The National Aeronautics and Space Administration has relied on Russian rockets to ferry astronauts to the space station since the United States retired its Space Shuttle program in 2011, though the agency has announced plans for test flights carrying two astronauts on commercial rockets made by Boeing and SpaceX next April.

“I do see the incident that happened on Oct. 11 with our launch abort not as a failure but as a success,” McClain told Reuters in a telephone interview from Russia. “It actually bolsters my confidence in the rocket and in the processes that we have.

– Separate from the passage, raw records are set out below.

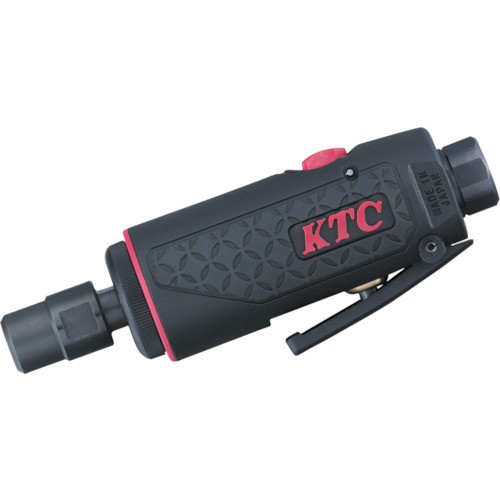 KTC(京都機械工具) ストレートグラインダー(高速タイプ) JAP520の通販はその他エアー工具
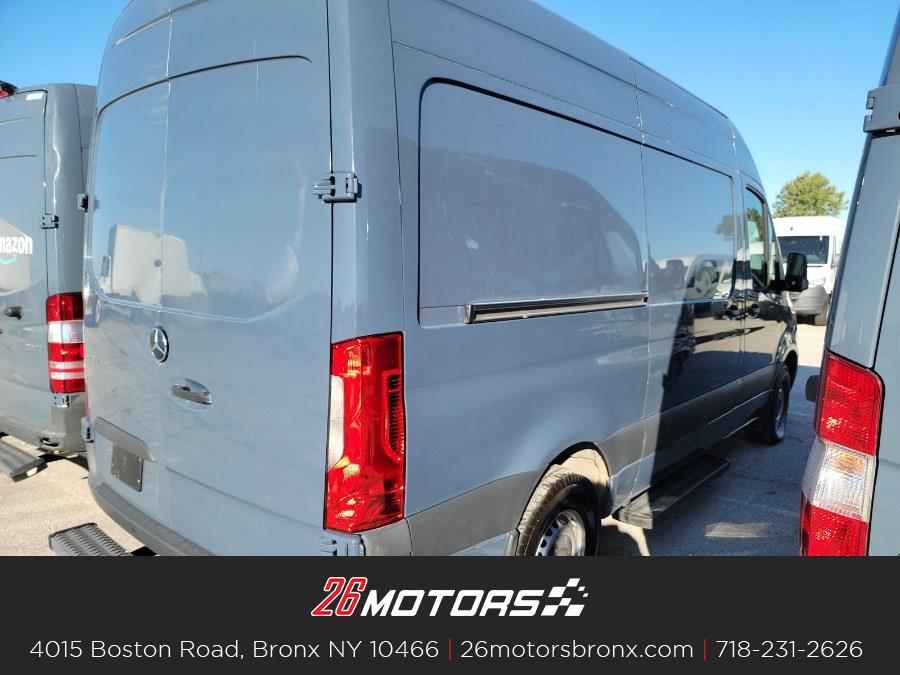 Used Mercedes-Benz Sprinter Cargo Van 2500 High Roof V6 144" RWD 2019 | 26 Motors Bronx. Bronx, New York Used Mercedes-Benz Sprinter Cargo Van 2500 High Roof V6 144" RWD 2019 | 26 Motors Bronx. Bronx, New York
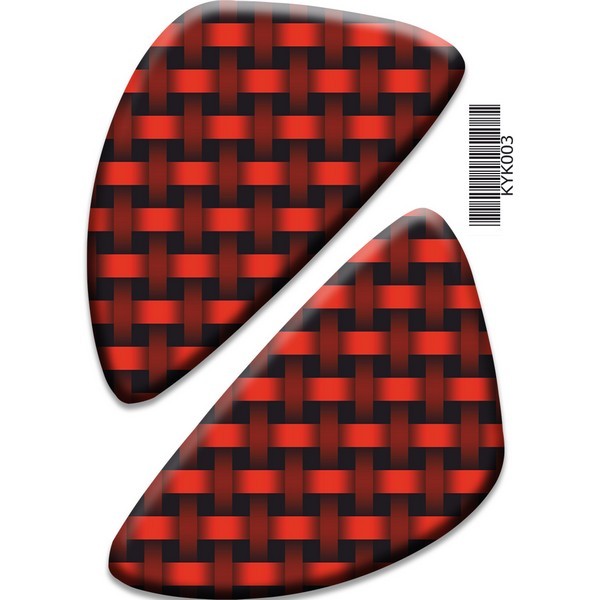 Carbon Yanpad 003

“We’re confident in the vehicle and getting back to it,” McClain said of the Soyuz rocket, which she called “the workhorse of the space program.”

After lifting off from Kazakhstan’s Soviet-era cosmodrome of Baikonur last month, a damaged sensor caused one of the rocket’s three booster stages to separate improperly, falling inward on the rocket and jolting it off its ascent two miles above ground, Russian investigators announced earlier this month.

Russian Rocket
The Soyuz MS-10 spacecraft carrying the crew of astronaut Nick Hague of the U.S. and cosmonaut Alexey Ovchinin of Russia blasts off to the International Space Station (ISS) from the launchpad at the Baikonur Cosmodrome, Kazakhstan. VOA

During Assembly

Video from inside the capsule showed the two men being shaken around at the moment the failure occurred, their arms and legs flailing. Russian cosmonaut Alexei Ovchinin can be heard saying, “That was a quick flight.”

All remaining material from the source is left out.